Wir hatten das Gefühl, dass unser ganzes Wesen aus uns herausströmt wie Atemluft, und uns überkam das Verlangen, zu berühren und berührt zu werden, irgendwie Kontakt herzustellen.
    Wir haben unseren Vater vermisst.
     
    »Was haben Sie gesagt?«
    Der Taxifahrer mustert Taiwo im Rückspiegel, sie fühlt sich ertappt, setzt sich anders hin, nimmt den Kopf von der Fensterscheibe. »Wie bitte?«
    »Sie haben etwas gesagt.« Der Fahrer ist Ghanaer. Das hört sie an seinem Akzent. »›Ich habe meinen Vater vermisst‹, haben Sie gesagt.«
    »Echt wahr?« Taiwo wird verlegen. Der Fahrer nickt, lächelt. Ihre Blicke begegnen sich im Spiegel, und sie sieht, wie er reagiert.
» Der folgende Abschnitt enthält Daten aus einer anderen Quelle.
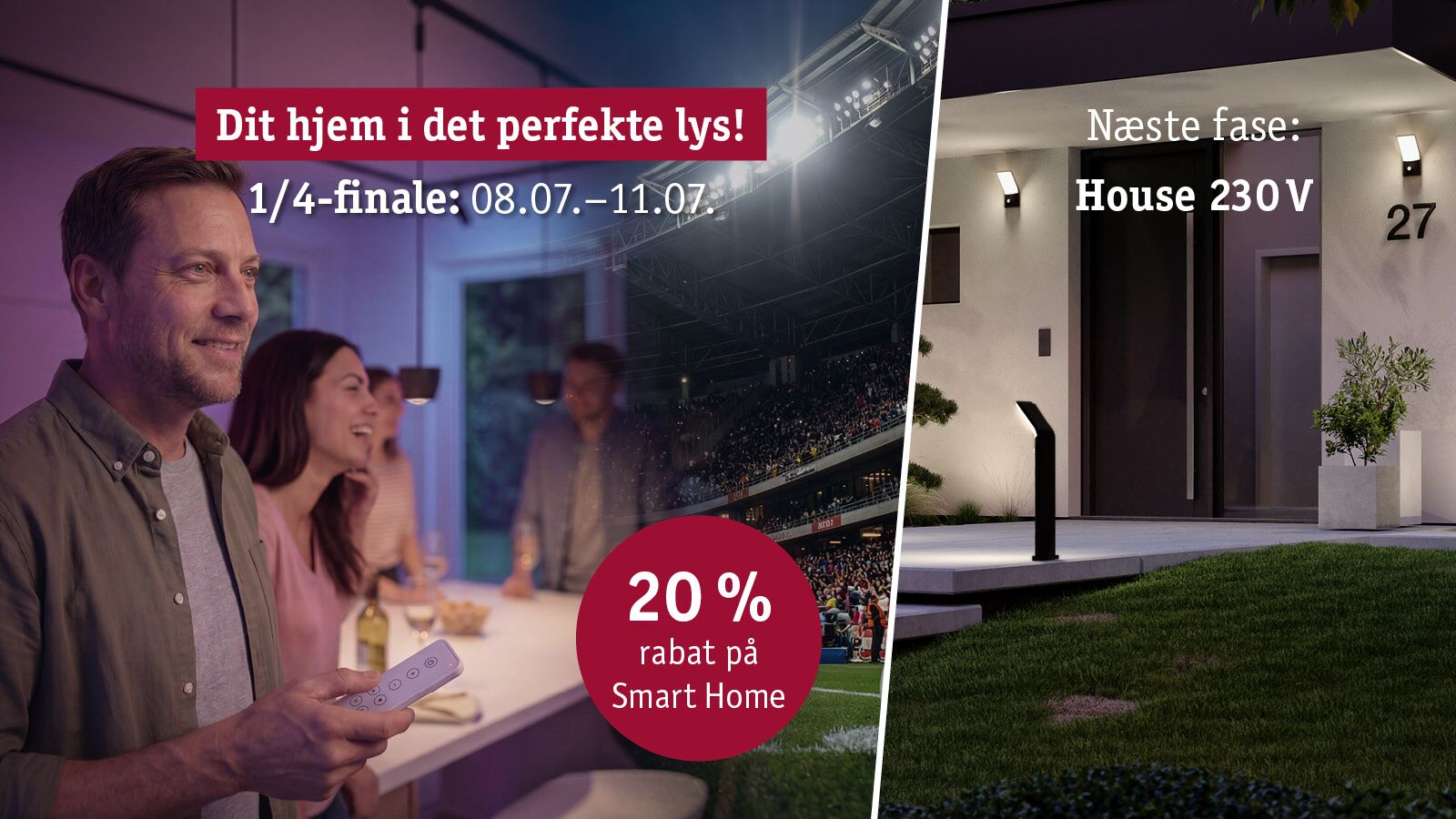 Mand styrer Smart Home belysning med fjernbetjening, moderne udendørsbelysning ved hus synlig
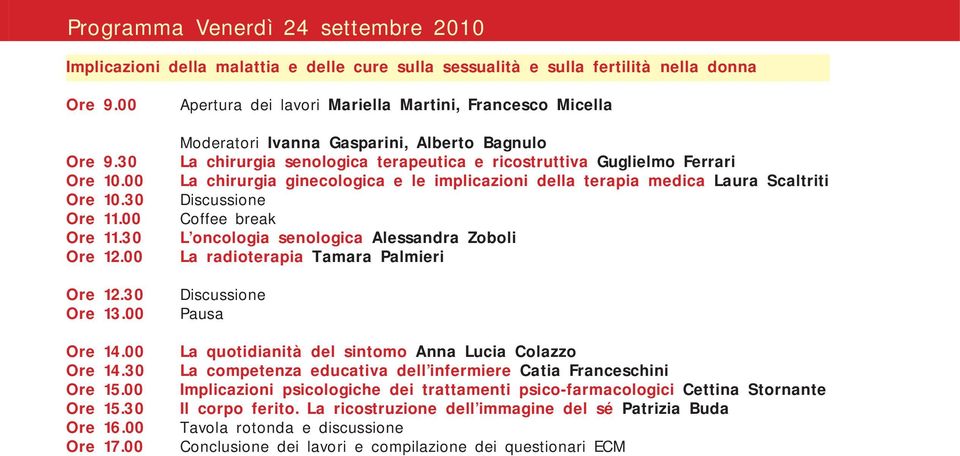 00 Apertura dei lavori Mariella Martini, Francesco Micella Moderatori Ivanna Gasparini, Alberto Bagnulo La chirurgia senologica terapeutica e ricostruttiva Guglielmo Ferrari La chirurgia ginecologica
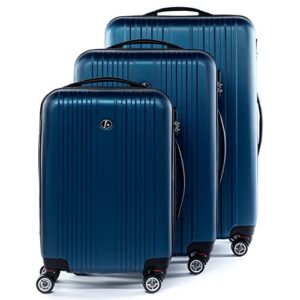 FERGÉ® Set di 3 valigie TOULOUSE – leggero bagaglio rigide dure da 3 rigida blu
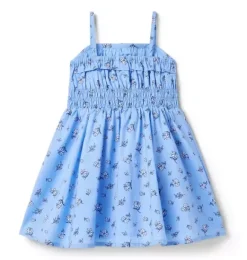 Janie and Jack Dresses-Floral Smocked Dress blue bead floral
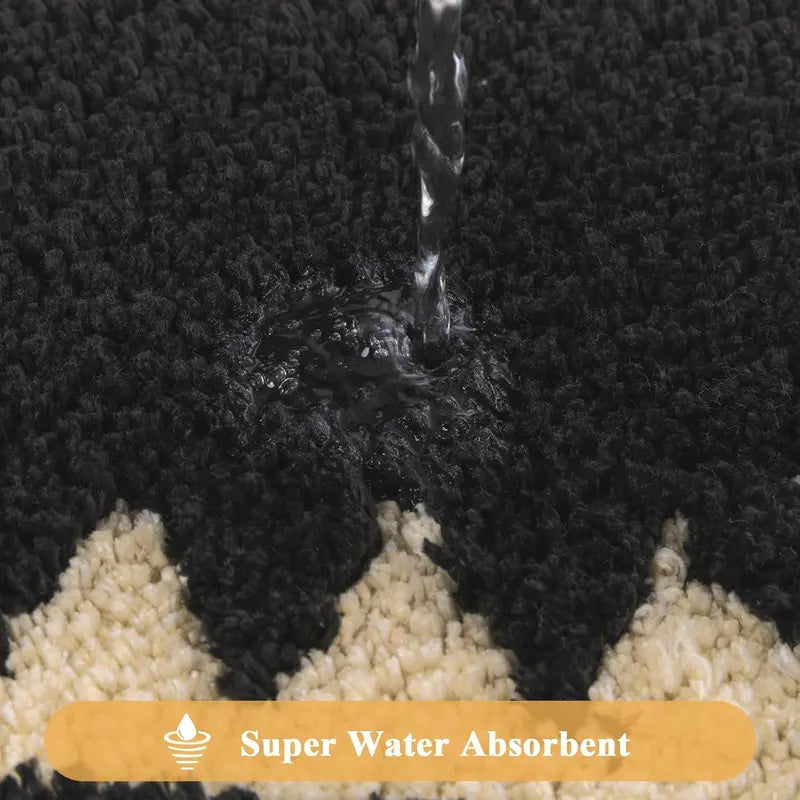 [SeptemberStockUp] HEBE Boho 3-Piece Washable Shaggy Bath Rugs Set, Non-Slip Stays Put Grip Absorbent Microfiber Mats with U-Shaped Contour Toilet Rug, Traditional Look Aztec Western Carpet for Tub/Shower Indoor Areas
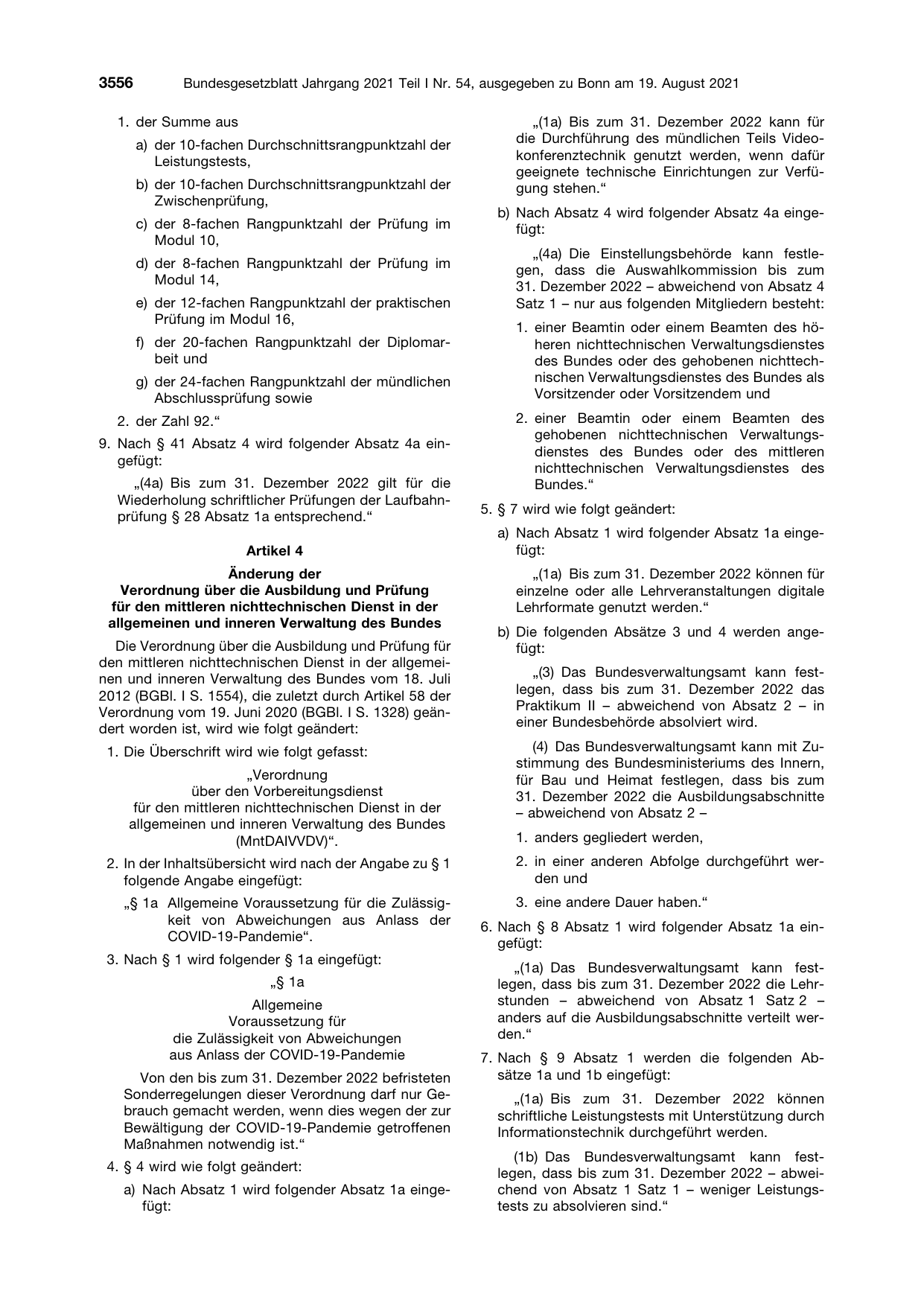 BGBl. 2021, Seite 3556 — Originalseite als Abbildung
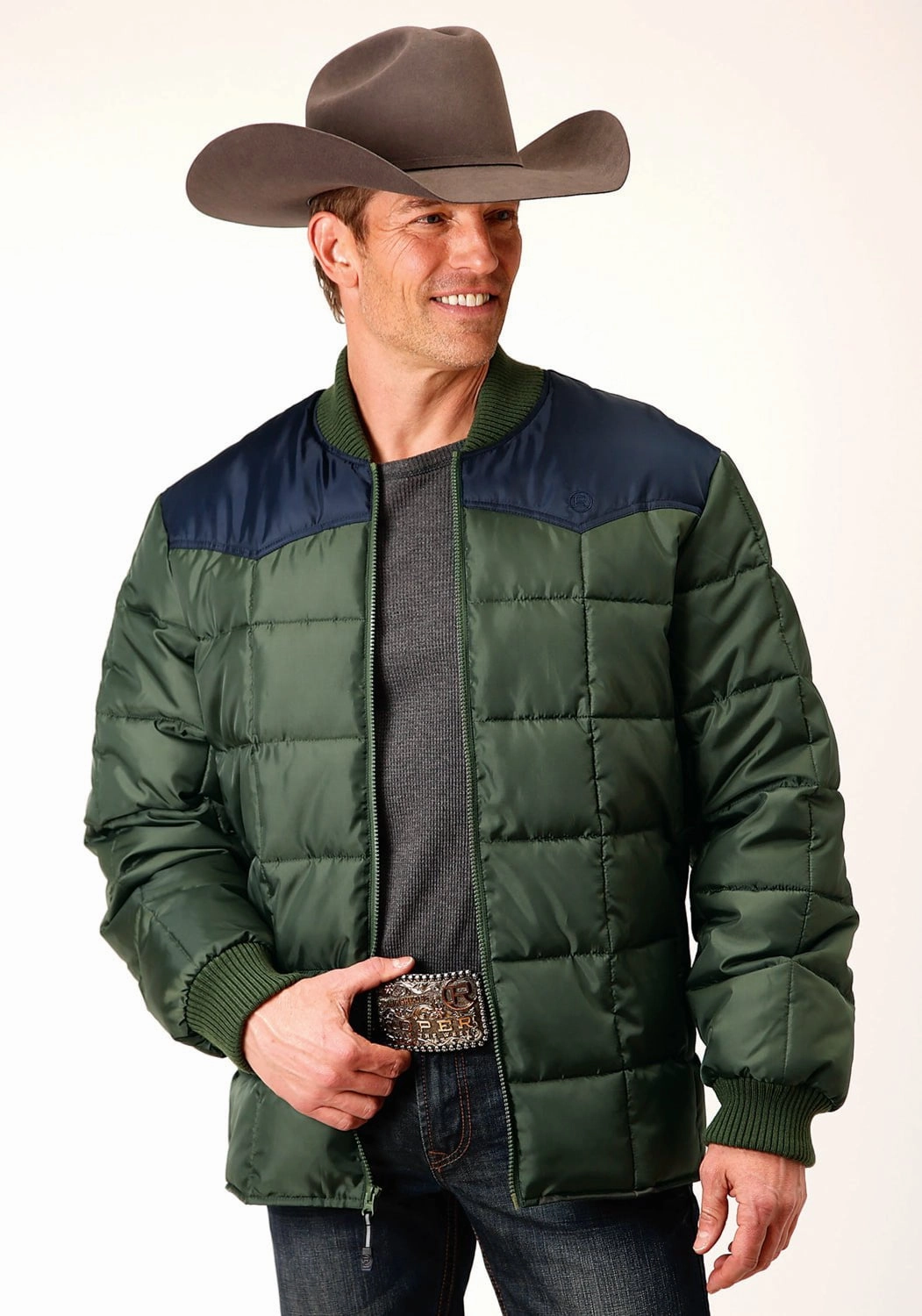 Roper Mens Western Quilted Green 100% Polyester Insulated Jacket Lightweight Shell Modern Utility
Er schaut schnell weg, dann schaut er ihr wieder in die Augen, wie jemand, der dabei erwischt wird, dass er etwas macht, was er nicht machen dürfte was er aber auch nicht sein lassen kann.
    »W-wo kommen Sie her?«, stammelt er peinlich berührt. »Was sind Sie?« Aber er meint, was sie alle meinen: Was hast du für Augen?
    »Ich weiß es nicht.«
    »Sie klingen britisch.«
    »Ich habe in England studiert.«
    »Ich – ich bin aus …«
    »Aus Ghana. Ich weiß. Ich habe es gemerkt.«
    »
Ey!
Woran haben Sie es gemerkt?«
    »Meine Mutter ist Nigerianerin.«
    »Bella naija!«
Er strahlt. »Und diesen Vater haben Sie vermisst?«
    »Habe ich das wirklich gesagt?«
    »Sie müssen laut gedacht haben.«
    »Habe ich das gedacht?« Sie lächelt. Ihr BlackBerry klingelt.
    »Das ist Ihr Vater!« Jetzt lacht er und schaut wieder über den Spiegel nach hinten.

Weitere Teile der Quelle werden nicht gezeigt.